"Is he showing up to Ottawa or is he staying in Alberta to campaign?"
Another week, another set of problems for Jason Kenney.
After new polling suggested divided opinions on Kenney’s leadership along with a lack of enthusiasm from the Wildrose supporters he wants to eventually merge with, a conservative talk radio host capped off the week by calling for Kenney to resign his seat as a federal member of parliament.
“I am a small-c conservative, I tack right on most issues, pretty much all issues,” radio host Andrew Lawton told listeners on Calgary’s AM770 Thursday afternoon, adding “I believe (MPs) need to be, if they are taking a public salary, representing the people they represent.”
Lawton questioned how Kenney – a former director of the Canadian Taxpayers Federation – could “claim a salary when you’re not using that job as your primary role?”
Despite the fact the official leadership campaign doesn’t start until October, Kenney is actively campaigning for the leadership of Alberta’s Progressive Conservatives while still collecting his federal MP salary – in the mean time, he stands to earn over $40,000 from taxpayers while devoting little or no time to his duties as a federal MP.

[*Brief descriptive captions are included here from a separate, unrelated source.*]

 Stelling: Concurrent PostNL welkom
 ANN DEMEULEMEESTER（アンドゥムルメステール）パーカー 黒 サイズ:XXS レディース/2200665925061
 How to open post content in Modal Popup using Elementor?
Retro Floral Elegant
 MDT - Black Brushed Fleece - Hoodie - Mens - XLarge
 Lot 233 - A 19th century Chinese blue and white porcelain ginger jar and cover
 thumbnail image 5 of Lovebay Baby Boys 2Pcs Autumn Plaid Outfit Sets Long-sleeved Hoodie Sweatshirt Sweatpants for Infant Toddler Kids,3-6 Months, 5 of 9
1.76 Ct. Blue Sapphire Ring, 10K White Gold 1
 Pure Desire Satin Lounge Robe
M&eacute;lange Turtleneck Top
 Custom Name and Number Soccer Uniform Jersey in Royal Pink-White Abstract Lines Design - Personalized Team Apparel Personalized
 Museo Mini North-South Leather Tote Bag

“Is he showing up to Ottawa or is he staying in Alberta to campaign?” Lawton asked. “When you are on the campaign trail, there’s a reason most people have to step aside from their jobs.”
“I think that for optics alone he’d be much better off stepping down.”

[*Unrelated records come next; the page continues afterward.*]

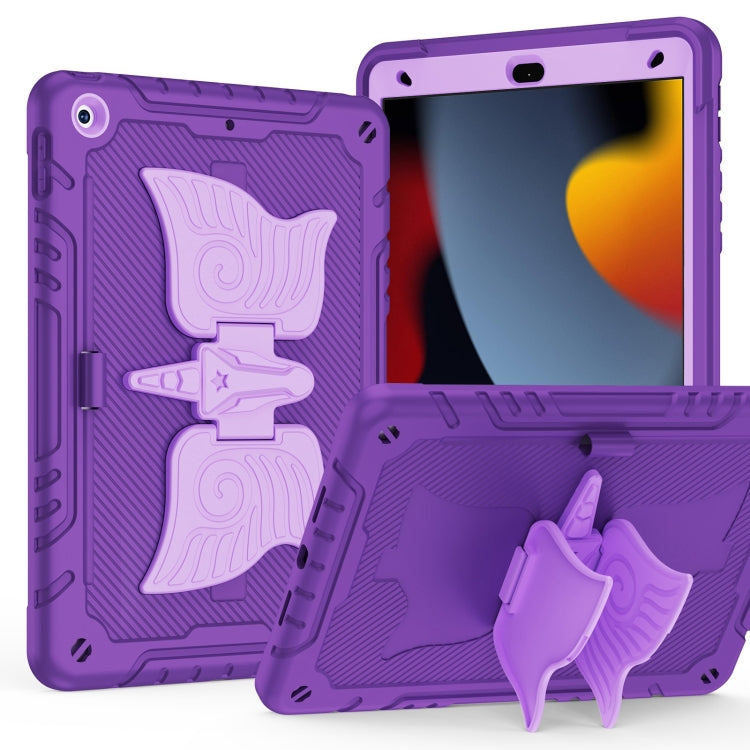 For iPad 10.2 2021/2020/2019 Kickstand PC Hybrid Silicone Tablet Case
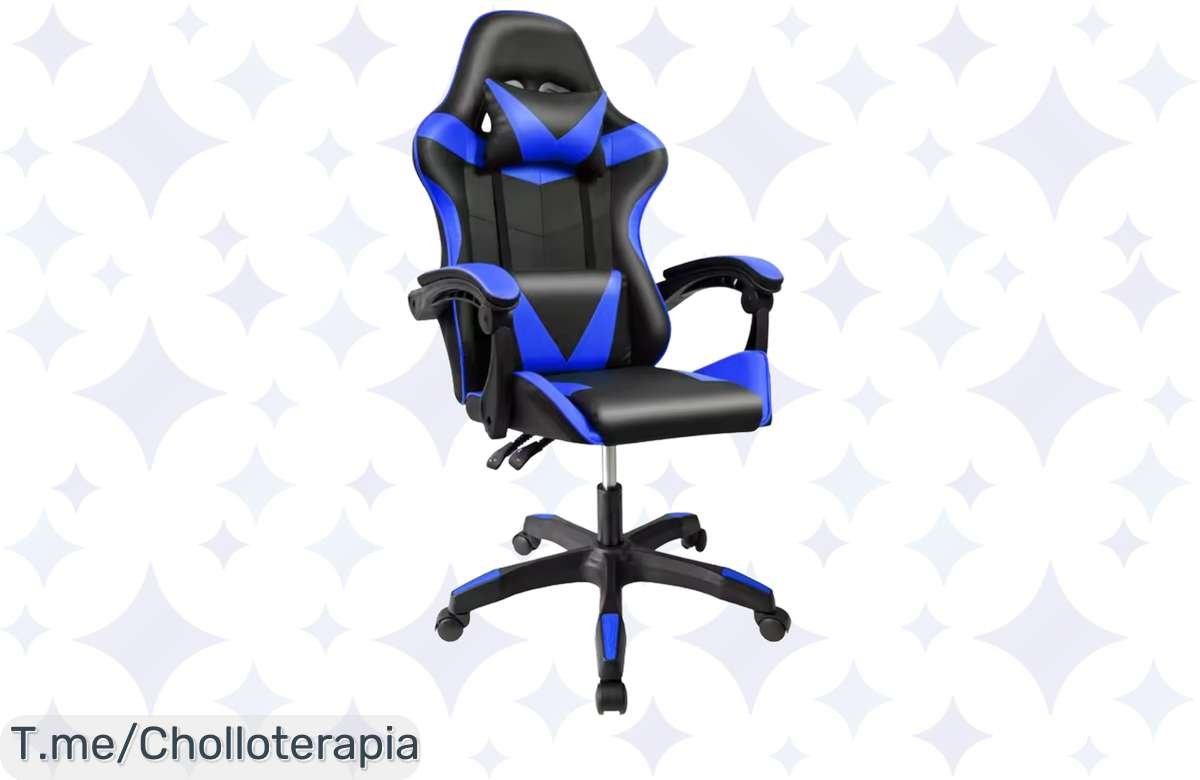 ¡Silla Gaming ergonómica en rebaja, no la dejes escapar!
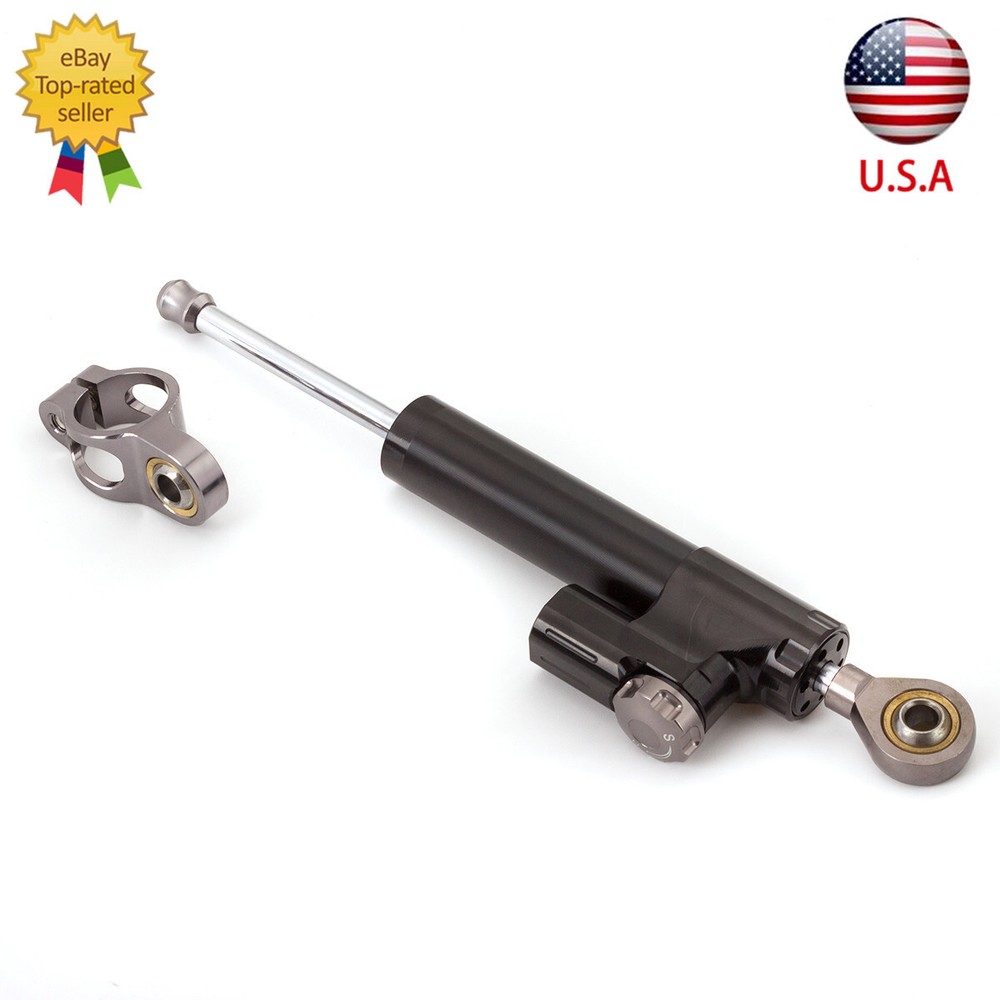 255mm CNC Shock Steering Damper Linear Stabilizer Reversed Safety Control Adjust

Earlier in the segment, Lawton interviewed Tyler Dawson, deputy editor of the Ottawa Citizen’s editorial pages, about why the newspaper’s editorial board also called for Jason Kenney’s resignation earlier this week.
Dawson characterized what Kenney is doing as being similar to “searching for another job” during “business hours”:
“It comes down to a relatively simple issue, which is Jason Kenney is making money to do a certain job, he’s hired by basically by the constituents in Calgary to be their representative in Ottawa and to be their conduit in both directions in that regard, so if he is doing something else, namely running for the leadership of the Progressive Conservatives in Alberta, he’s going to have a hard time fulfilling the duties that we as Canadians are paying him to do.”
The pair also considered the possibility that Kenney’s decision not to resign could be a sign of someone who “might not be sure that they’re going to win?”
Sounds like Kenney’s efforts to unite-the-right are continuing to run smoothly.